Database – Which is the bottleneck of database performance, CPU or memory

central-processing-unitdatabase

We all know that memory I/O is faster than disk I/O. Database use cache machanism to improve performance. It seems that there is no business of the CPU overhead.

I mean usually the CPU is fast enough not to be the performance bottleneck on a small local database using like Berkeley DB. Relatively faster CPU won't improve the performance of such database.

My question is that whether my upper assumption is right.

I did do some simple tests which turned out to be against to my assumption and made me confused.

For example, I made a test to do 100,000 writing/reading darabase operations, and I put a little FOR-loop before each writing operation to add some CPU overhead. What I expected was that the FOR-loop won't affect the program's total run time. But the result was on the contrary. The extra run time is exactly the same as that the FOR-loops take alone.

Does that mean when CPU writes data to like memory, it just suspends waiting for the operation to be done, no matter how fast the CPU is itself?

PS:Sorry for my inaccurate English expression. I've tried my best…

Best Answer

Yes, database operations usually have to be written to the disk before they return as successful. This is a very good thing, as a program shouldn't continue before knowing if the operation was done properly.

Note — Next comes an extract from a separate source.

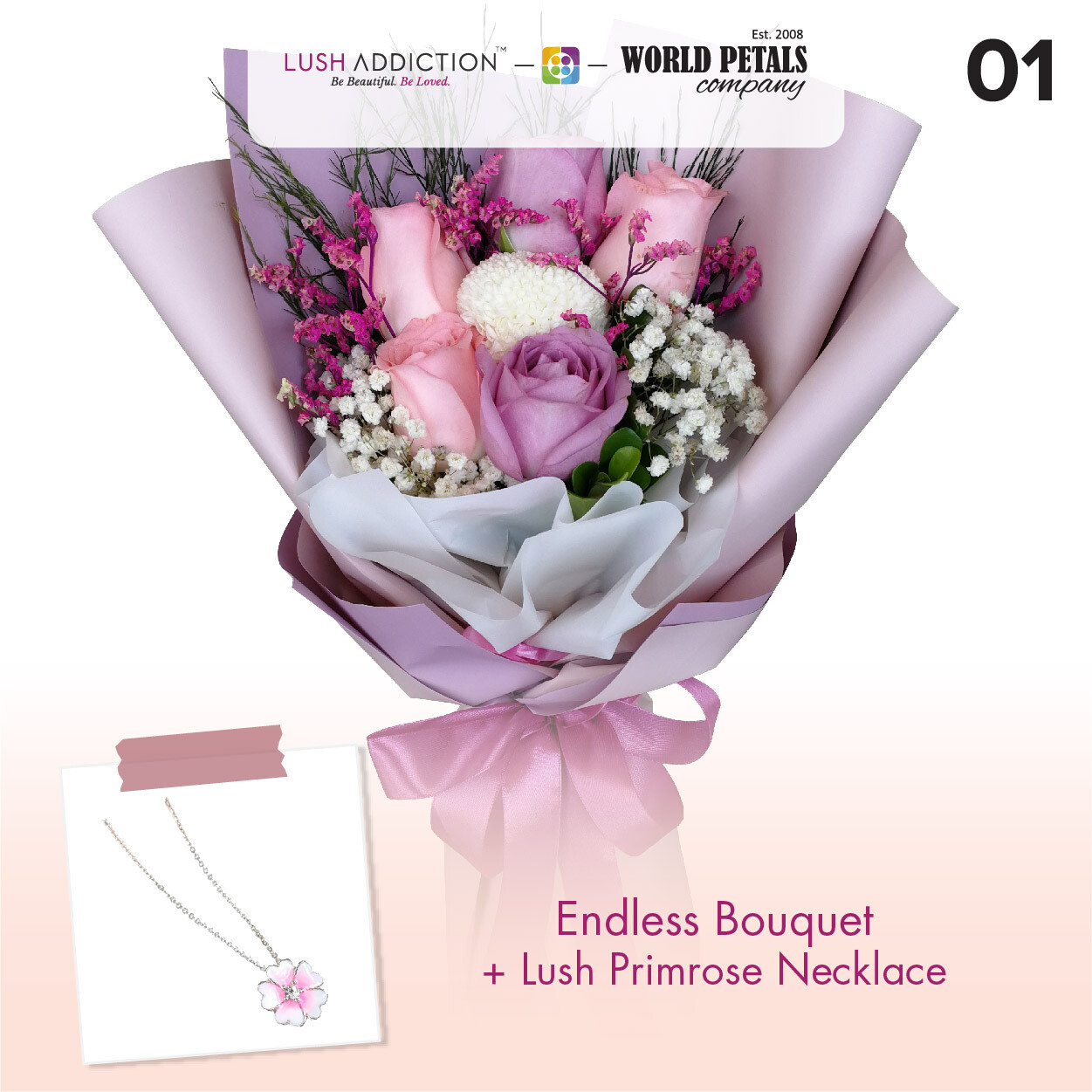 Endless + Lush Addiction Necklace (By: World Petals Florist from KL)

If you would parallelize your test program, you would likely find that your loops have less impact on the runtime, as the loops could be run while other threads are waiting for their IO operations to finish.

Also, while certainly modern CPU's are the most unlike candidates for being the bottleneck in a database, this is not generally true: Depending on your application and it's DB queries, they can be extremely taxing on the CPU, leaving the disk subsystem idling while the CPU is running at 100%.